Com respeito ao Sergio Buarque de Holanda (2014), é interessante mencionar que ele descreve o brasileiro como um homem cordial, de comportamento afetuoso, não necessariamente sincero, mas sempre se referindo a relações familiares e pessoais. Neste caso, é importante notar que, porque a palavra cordial é derivada de ‘cordão’ ou ‘núcleo’, que significa coração, este conceito é muitas vezes erroneamente atribuído a um comportamento amável e agradável que produziria um ambiente amigável e inclusivo para todos. Porém, o que Holanda argumenta é que esse homem cordial tem atitudes apaixonadas, mas estritamente relacionadas a um círculo fechado de amigos e parentes, o que torna difícil, de fato, incluir estranhos neste grupo. Cabe a nós perguntar: os estrangeiros (e principalmente os refugiados) recebem o mesmo tratamento familiar?
Em particular, Darcy Ribeiro (2019, p. 183) destaca a vanglória nacionalista brasileira, afirmando que “nosso país tem tal seiva de singularidade que torna extremamente difícil aceitar e desfrutar a convivência com outros povos”. E, para reforçar o desafio, afirma que o Brasil é um país marcado por tantas desigualdades que é, sim, um conjunto de diferentes ilhas sociais.
Assim, esses conceitos devem fortalecer uma tendência nacional em favor da aceitação, mas que se limita no sentido multicultural de tolerar o diferente e estar aberto à diversidade, mas isso não significa realmente que a nação está aberta para promover a inclusão justa dos diferentes em uma base social e econômica igual. Desde a sua origem, o Brasil atendeu todo tipo de gente, vinda de diferentes lugares e de diferentes etnias, mas isso não garante um ambiente intercultural, como definido por Rodrigo (2012).
Brasil no cenário migratório
Desde o período da colonização portuguesa, diversas políticas migratórias têm sido implementadas no Brasil para atrair trabalhadores e expandir a ocupação do território nacional (Amaral & Fusco, 2005). Quando o regime internacional de refugiados estava sendo construído após a Segunda Guerra Mundial, o Brasil adotou uma política de migração no governo Vargas que visava atrair trabalhadores europeus para o setor agrícola e, em menor medida, a indústria (Moreira, 2012). Assim, o país não hesitou em participar das iniciativas propostas pela comunidade internacional para enfrentar o problema dos refugiados, porque entendia que os refugiados não eram apenas uma questão humanitária, mas também um instrumento político e econômico. As políticas brasileiras, portanto, foram baseadas em interesses nacionais e humanitários (Haydu, 2009; Moreira, 2012).

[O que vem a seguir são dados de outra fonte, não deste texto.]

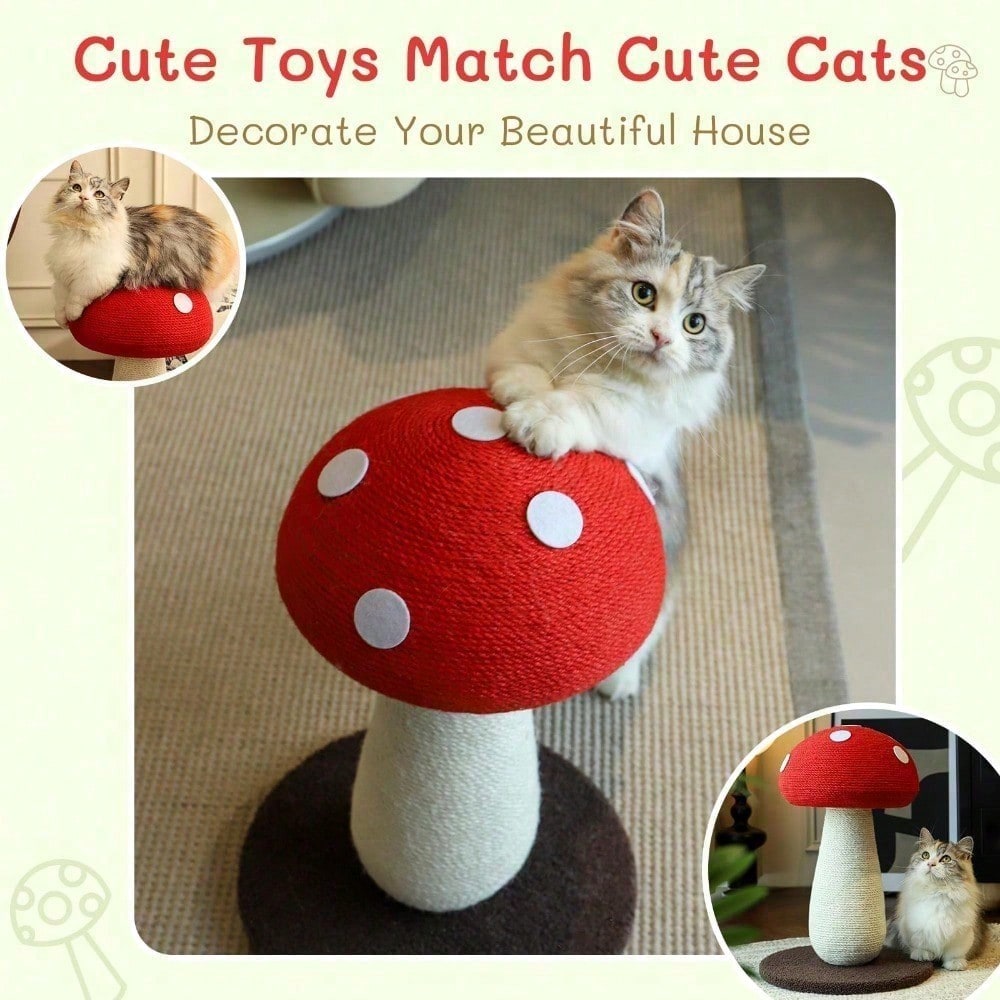 Mushroom Cat Scratching Post Unique Design, Sisal Wrapped, Ideal For Medium And Small Cats, No Assembly Required Cat Stu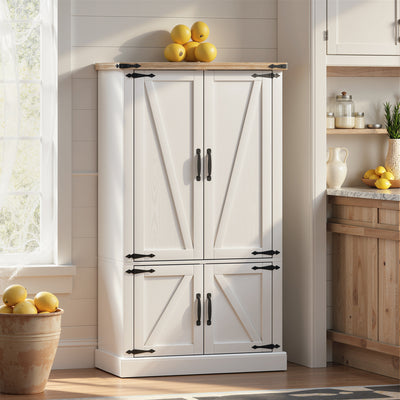 Buffet de cuisine, armoire de cuisine avec 4 portes, 6 porte-épices et étagères réglables, 76,3 x 40 x 136 cm, blanc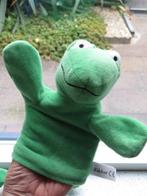 Handpop Kikker poppenkastpop Max Velthuijs groen velours, Ophalen of Verzenden, Zo goed als nieuw, Kikker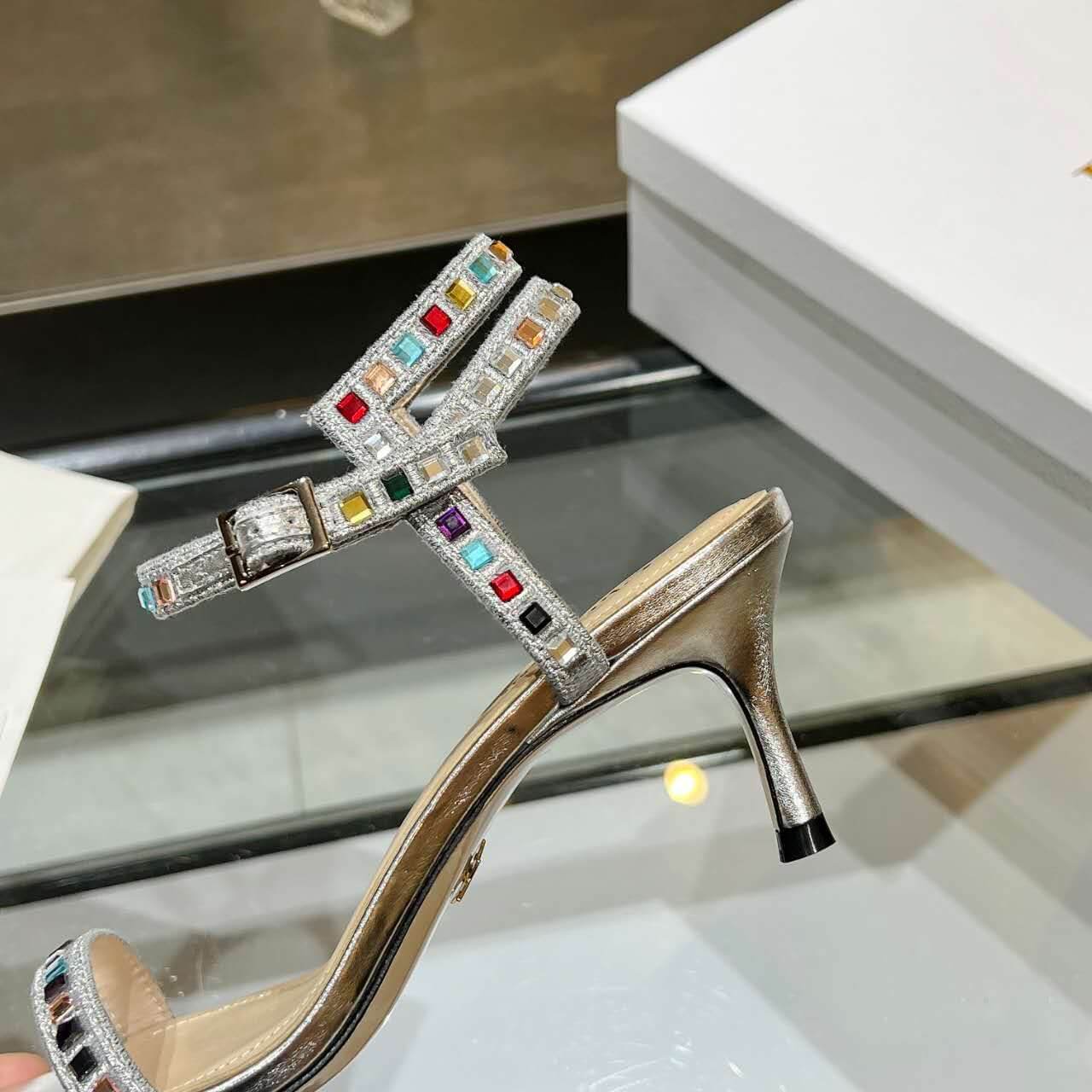 Dior Dway Heeled Sandal Cream and Silver - Image 7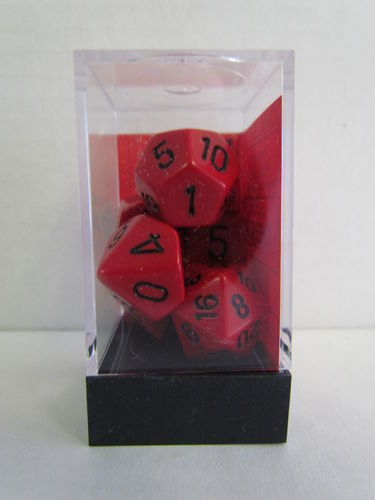 Chessex 7Ct Opaque Poly RED/BLACK Dice Set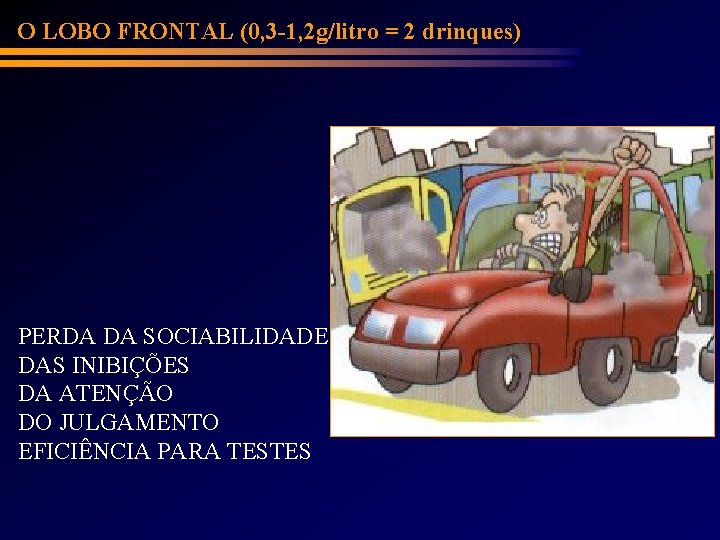 O LOBO FRONTAL (0, 3 -1, 2 g/litro = 2 drinques) PERDA DA SOCIABILIDADE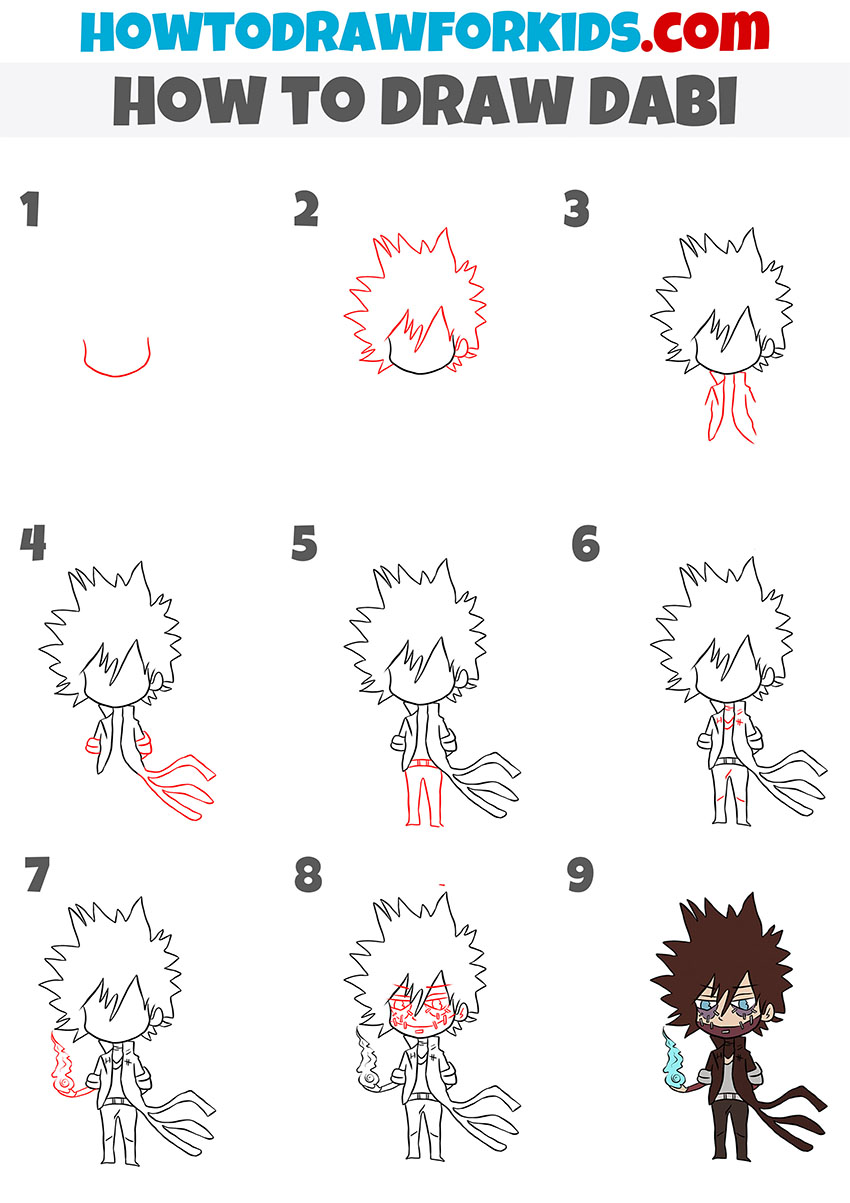 how to draw dabi step by step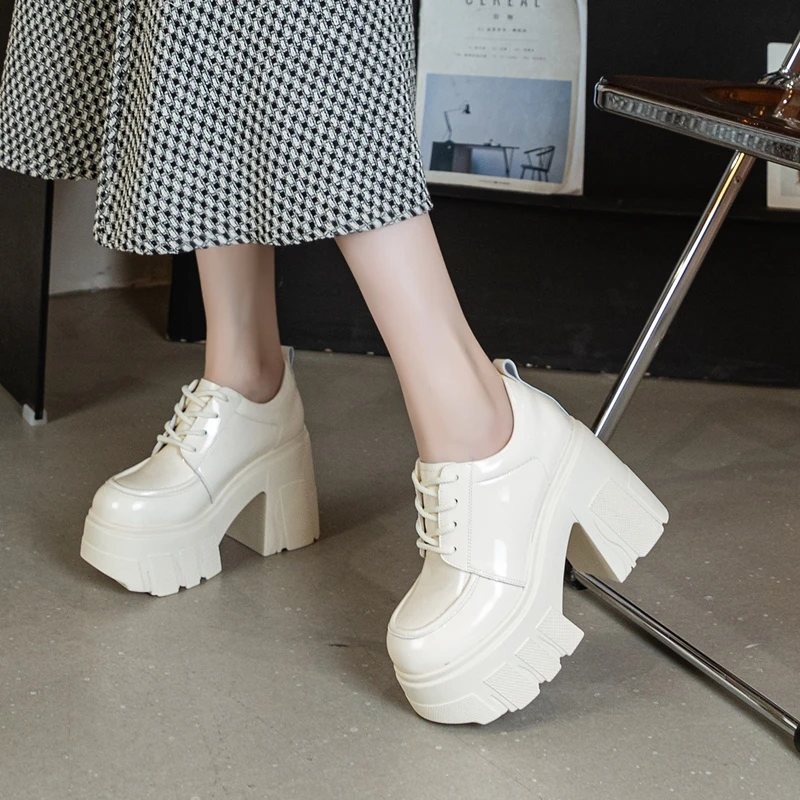 AIYUQI Women's High Heels Lace-up 2026 New Genuine Leather Platform Shoes Women Fashion 11cm High Women's Shoes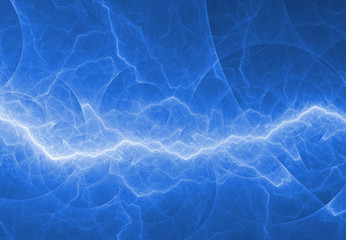 Fototapeta premium Blue abstract fractal lightning, plasma background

O direito de refúgio do estrangeiro, garantido pela Convenção da ONU de 1951, foi ratificado pelo Brasil em 1997. De acordo com o Ministério da Justiça (2010), qualquer estrangeiro que tenha medo de perseguição - se devidamente fundado - de natureza racial, religiosa, política ou nacional ou por pertencer a um determinado grupo social, bem como aqueles que foram forçados a deixar seu país de origem por causa de uma violação grave e generalizada dos direitos humanos, pode solicitar o status de refugiado.
O Brasil, signatário dos principais tratados internacionais de direitos humanos, criou uma estrutura institucional para analisar e julgar os pedidos de condição de refugiado - o Comitê Nacional para Refugiados (CONARE) - que inclui membros do governo, sociedade civil e um representante do ACNUR.
Segundo dados do Comitê, os pedidos de refúgio no país cresceram 2.868% de 2010 a 2015, passando de 966 em 2010 para 28.670 em 2015. Em 2017, o país tinha 8.950 refugiados de 79 nacionalidades diferentes. A maior comunidade de refugiados reconhecida no Brasil é a dos sírios (2.480 refugiados, mais de 25% do total), seguido por angolanos, colombianos, congoleses, palestinos e venezuelanos. Naquela época, o Brasil ainda contava com 1.468 reassentados, ou seja, estrangeiros que se refugiaram em um país, mas devido a algumas circunstâncias tiveram que migrar para um terceiro país. Junto com os refugiados, isso totaliza 10.418 pessoas. Em 2017, também havia mais 25 mil estrangeiros aguardando resposta aos seus pedidos (CONARE, 2016).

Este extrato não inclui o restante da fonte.